Boston-based research and advisory firm Celent trains its sites on this marketplace in its new report “Q&A: What’s Hot and What’s Not in North American Policy Administration Systems.”
The report, authored by senior analysts Jeff Goldberg and Donald Light, contends the interest in policy administration replacement is widespread but varies by type of insurer, with the least amount of interest coming from very large companies with major concentrations of business in a specific line.
Likewise, the interest in what type of policy administration solution an insurer seeks out tends to vary. “In general, smaller and midsize insurers gravitate toward end-to-end solutions—although they are likely to implement in a phased way,” the authors write.
Conversely, because of their larger IT shops with a broader range of modern integration/ development skills, larger insurers may favor point solutions. “The prospect of integrating multiple solutions and managing relationships with multiple vendors is less daunting—and the attractions of a best-of-breed portfolio more enticing.”

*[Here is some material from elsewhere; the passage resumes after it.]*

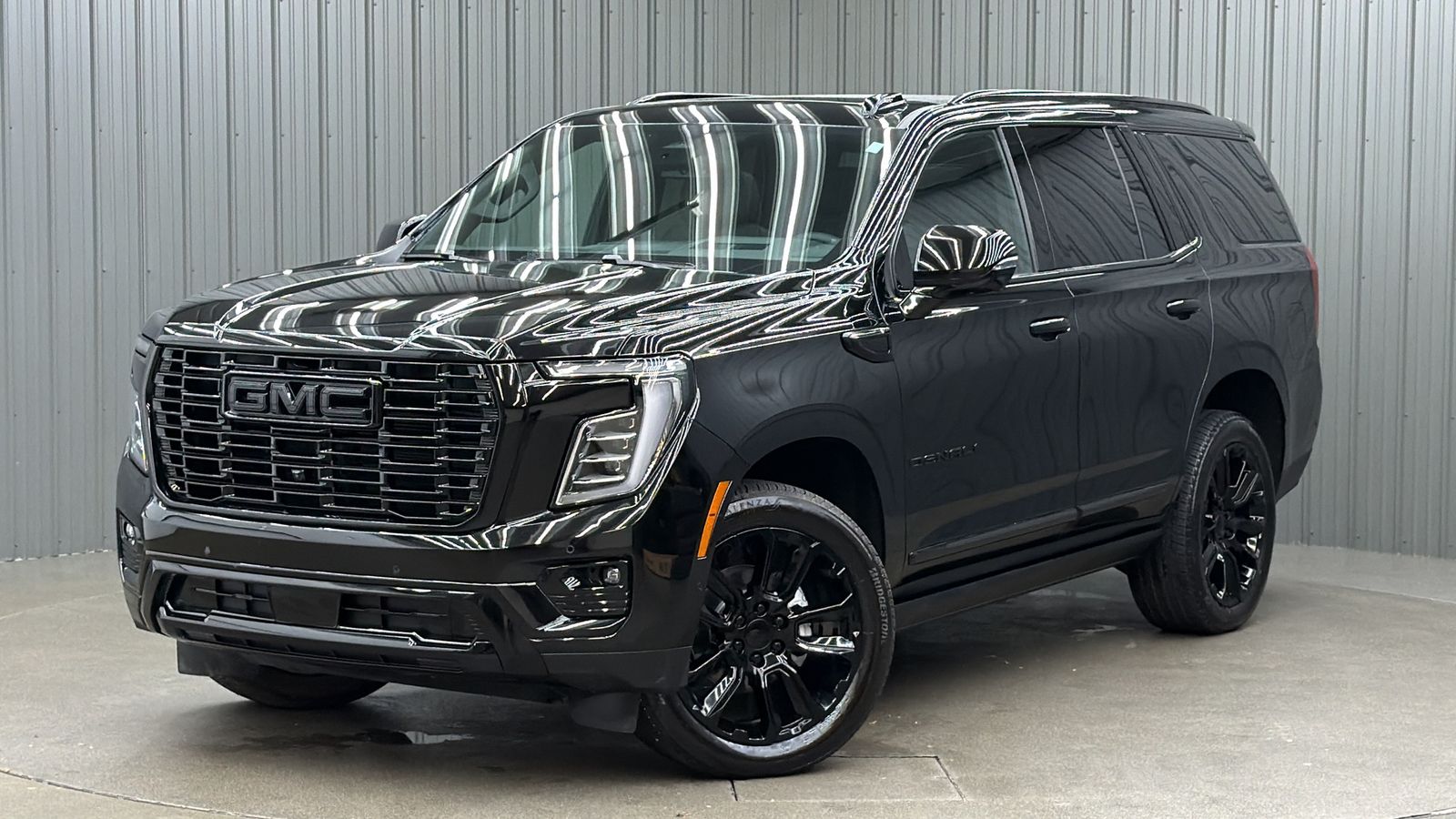 2026 GMC Yukon Denali w/ COLORMATCH & Sunroof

As for the value proposition, Goldberg and Light say the hard money savings—expense reduction in both business and IT, productivity improvements, infrastructure savings, and lower the total cost of ownership—are self evident.
However, the recent development of systems also reflects a preference by carriers on less tangibles benefits, such as flexibility and modernity. “As insurers become more sophisticated in their assessment of how well their policy administration system is supporting their underwriters and service staff, vendors are creating environments crafted to enable those users to work faster and smarter,” they write, noting the fruits of vendor development efforts are now plainly visible on underwriter and service staff desktops. “Users can spend up to 10 hours a day on these core systems; an engaging design that effectively supports each user in their day-to-day activities is an important consideration.”
This trend is further reflected in the focus on new business automation found in modern systems. “Ultra-configurable, metadata driven, rules-based and tools-based policy administration systems are now so key to the modern PAS marketplace that they are more of a reality than a trend.”
However, Goldberg and Light caution that these ultra-configurable systems may not be an optimal fit for all. “As long as a carrier has the skill sets and feels comfortable with the configurable approach, it should at least be an option on the table.”
Looking forward, they see vendors continuing to add new wrinkles to their offerings, such as adding product lifecycle management functionality. More boldly, they predict fundamental changes in delivery methods. “As use of SaaS and cloud computing grows more mature, insurers of all sizes will become more comfortable with the idea of moving a transactional (and central) system such as policy administration out of the data center.”